2.1 Numerical constraints on phase separation timescales
Numerous compaction models have been developed for application to geologic problems and include descriptions of phase separation driven by gravity (Bercovici et al. , 2001, Huber & Parmigiani, 2018, McKenzie, 1984, McKenzie, 1985, McKenzie, 2011, Ricard et al. , 2001) or by external stresses (Jackson et al. , 2018, Koenders & Petford, 2000, Petford et al. , 2020, Solano et al. , 2012). One of the ultimate challenges for these models is to calculate melt extraction timescales sufficiently low to coincide with petrologic observations. For instance, velocity and melt fraction averaged calculations performed by Bachmann and Bergantz (2004) as well as calculations from McKenzie (1985) and more recently Jackson et al. (2018) have been used to investigate the timescales required to separate large amounts of melt by compaction and found that in some cases such timescales are comparable to the longevity of the intrusive bodies hosting them (Bachmann and Bergantz, 2004; Lee and Morton, 2015). In all cases, these models use rheologic descriptions of the crystal matrix informed by viscous creep.

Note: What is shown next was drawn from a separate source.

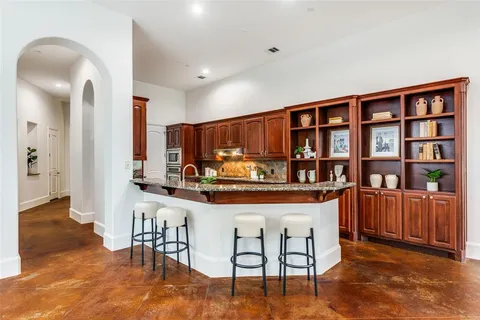 a view of a kitchen with furniture and staircase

Other recent works have made strides towards developing compaction models equipped to capture the change in rheologic properties across a range of melt fractions. Wong and Keller (2022), for instance, parameterize the effective matrix viscosity – which relates to the ability of the matrix to resist reduction in melt fraction – such that at low melt fractions an endmember controlled by the creep of individual crystals is approached, while at large melt fractions phase separation is primarily governed by crystal settling. However, constraints on the effective matrix viscosity at melt fractions between these endmembers are necessary, as silicic, crustal magma systems are believed to spend the majority of their lifetime at intermediate melt fractions (Huberet al. , 2009, Szymanowski et al. , 2017). The timescales of melt segregation calculated by numerical compaction models are extremely sensitive to the effective matrix viscosity law used and its evolution as a function of melt fraction.